● RAW DATA
++++
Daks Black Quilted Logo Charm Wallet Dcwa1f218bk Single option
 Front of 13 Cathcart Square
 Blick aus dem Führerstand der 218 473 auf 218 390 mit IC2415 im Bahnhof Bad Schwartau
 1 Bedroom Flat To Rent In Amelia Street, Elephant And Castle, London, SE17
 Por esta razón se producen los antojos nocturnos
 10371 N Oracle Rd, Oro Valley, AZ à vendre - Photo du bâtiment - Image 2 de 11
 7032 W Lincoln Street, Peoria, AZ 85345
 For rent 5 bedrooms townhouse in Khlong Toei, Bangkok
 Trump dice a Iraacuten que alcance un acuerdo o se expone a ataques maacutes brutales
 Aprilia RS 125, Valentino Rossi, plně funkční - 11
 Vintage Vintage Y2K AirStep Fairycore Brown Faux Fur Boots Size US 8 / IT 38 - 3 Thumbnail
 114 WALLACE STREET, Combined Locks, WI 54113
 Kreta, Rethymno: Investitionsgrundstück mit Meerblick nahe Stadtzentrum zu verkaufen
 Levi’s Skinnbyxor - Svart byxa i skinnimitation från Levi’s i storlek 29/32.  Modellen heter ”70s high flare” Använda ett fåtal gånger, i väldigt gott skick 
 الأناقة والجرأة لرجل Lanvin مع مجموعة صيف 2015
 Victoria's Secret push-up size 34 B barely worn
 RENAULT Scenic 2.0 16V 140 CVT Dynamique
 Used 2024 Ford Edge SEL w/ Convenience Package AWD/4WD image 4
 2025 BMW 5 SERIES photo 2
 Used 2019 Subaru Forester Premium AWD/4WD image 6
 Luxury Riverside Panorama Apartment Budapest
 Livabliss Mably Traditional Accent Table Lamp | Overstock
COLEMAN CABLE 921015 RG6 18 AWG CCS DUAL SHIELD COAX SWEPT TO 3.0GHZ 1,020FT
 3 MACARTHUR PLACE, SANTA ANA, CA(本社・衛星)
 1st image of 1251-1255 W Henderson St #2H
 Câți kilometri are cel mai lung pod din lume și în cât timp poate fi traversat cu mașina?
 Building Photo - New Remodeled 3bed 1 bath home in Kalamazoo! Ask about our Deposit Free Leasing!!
++++
● YOUR INSTRUCTIONS
Nothing but the lines above from the one containing "Blick aus dem" through the one containing "114 WALLACE STREET, Combined Locks, WI 54113" should appear in the answer, each repeated exactly.

● TASK RESULT
 Blick aus dem Führerstand der 218 473 auf 218 390 mit IC2415 im Bahnhof Bad Schwartau
 1 Bedroom Flat To Rent In Amelia Street, Elephant And Castle, London, SE17
 Por esta razón se producen los antojos nocturnos
 10371 N Oracle Rd, Oro Valley, AZ à vendre - Photo du bâtiment - Image 2 de 11
 7032 W Lincoln Street, Peoria, AZ 85345
 For rent 5 bedrooms townhouse in Khlong Toei, Bangkok
 Trump dice a Iraacuten que alcance un acuerdo o se expone a ataques maacutes brutales
 Aprilia RS 125, Valentino Rossi, plně funkční - 11
 Vintage Vintage Y2K AirStep Fairycore Brown Faux Fur Boots Size US 8 / IT 38 - 3 Thumbnail
 114 WALLACE STREET, Combined Locks, WI 54113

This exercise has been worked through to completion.